Partnerships And Associations. -- Some effort should be made also to clarify in the statute the distinction between partnerships on the one hand and associations that are to be treated as corporations on the other. There is enough case authority available now to be helpful. As it is, it is often difficult to identify the taxpayer, and this is bad both from the Government's and the taxpayer's point of view. See Section 801, Revenue Act of 1934 for the present definitions.
Insurance And Annuities. -- Still other illustrations of the need for clarification are found in Sections 22(b) (1) and 22 (b) (2) dealing with insurance and annuities. Congress has never made it perfectly clear whether it intends to exclude from gross income increments over and above the lump sum value of life insurance policies at death, which are paid under one or the other of the optional deferred payment clauses found in the standard forms of policies.
Penalties. -- A layman reading the penalty provision of the law might think the penalties somewhat severe, but he would assume that they are administered with some degree of justice. It is said, however, that it is better from a pecuniary standpoint to be charged with fraud, which carries a 50 per cent penalty than to be charged with failure to file on time, which carries a 25 per cent penalty. It is almost impossible to secure a finding of fraud, but the Attorney General's ruling in the case of the Great American Indemnity Company (Opinions Vol. 36, p. 40, 1929) is interpreted to mean that any failure to file by due date subjects the taxpayer to a fine of 25 percent if he legally and technically owes the fine and if he is financially able to pay -- this penalty applies whether the delinquency is for one year, for 20 years, or merely for one day because his stenographer forgot to mail the return.

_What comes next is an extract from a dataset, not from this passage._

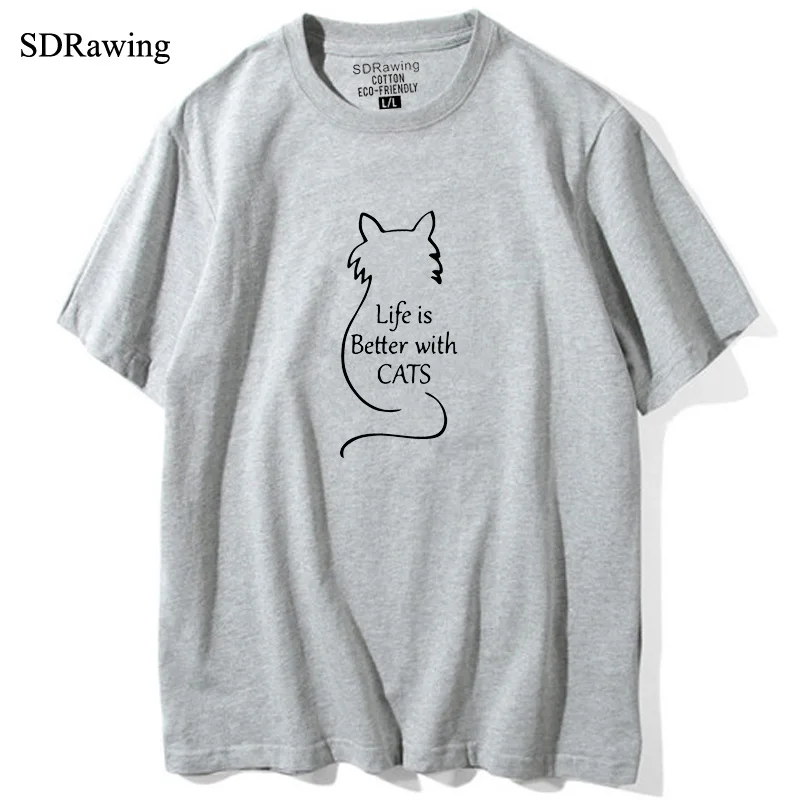 Хлопковая футболка с котами Life is better with cats графическим принтом из коллекции кошки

An opinion of October 24, 1933, not yet published, further limits the Secretary by holding penalty, or interest and penalty, not subject to compromise separate and apart from the taxes in connection with which such penalties or interest had been incurred. The total of tax, interest, and penalties is said to constitute the "case" that, under Section 3229 of the Revised Statutes, the Secretary is given authority to compromise, but there can be no splitting of such case. Hence the Secretary cannot, in order to avoid injustice or great hardship, compromise the penalty alone.

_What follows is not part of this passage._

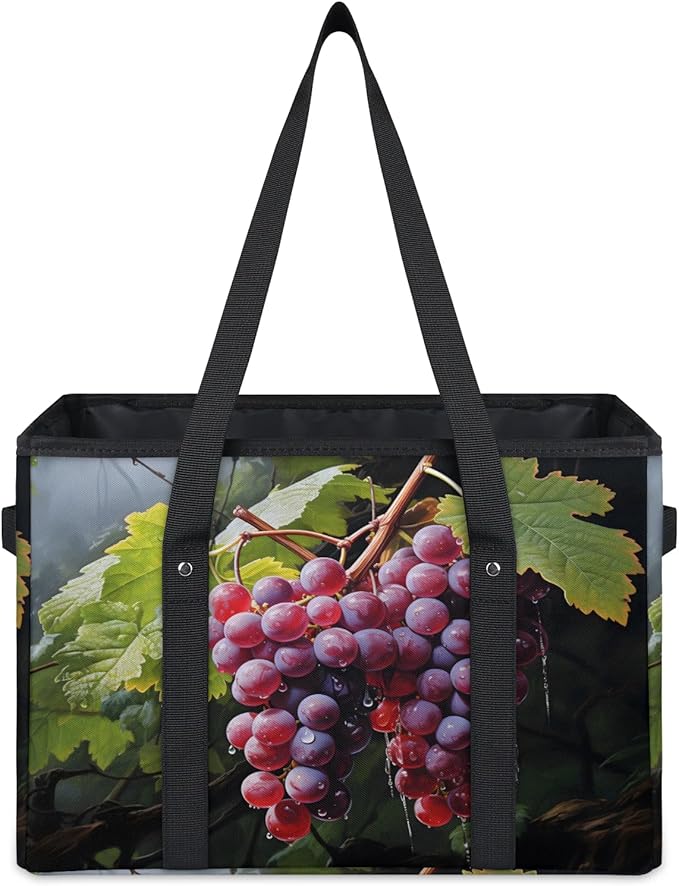 Reusable Grocery Bags Heavy Duty Shopping Bags Foldable Large Tote Bags with Long Handles & Hard Bottom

Some unnecessary irritation and even hardship might be avoided by giving the Commissioner more discretion and/or by providing a graduated penalty. For example, 2 per cent a month for the first six months or a year, with a minimum of $5.00, would not outrage a taxpayer who had failed to pay on account of some minor negligence and still would tend to prevent undue negligence. Even better provisions might be suggested, this one is merely illustrative.

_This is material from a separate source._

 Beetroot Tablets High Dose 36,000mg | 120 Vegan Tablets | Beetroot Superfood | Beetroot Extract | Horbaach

Other instances of sections that need revision for the sake of clarification or for the sake of equity or for other reasons might be cited, but it may be well not to distract attention from the main point of this section, namely, the importance of improving the personnel and organization of the whole administrative set-up, not because it has deteriorated on the whole but because it has so much greater possibilities than it has yet attained.
As a matter of fact, the greatest opportunity for the real improvement of the income tax and one that would result in appreciable increases in revenue and also in greater equity between taxpayers lies in the field of administration, and, what is more, most of what is needed lies within the power of the administration without any further legislative authority, though revision of a few minor features of the law would be helpful.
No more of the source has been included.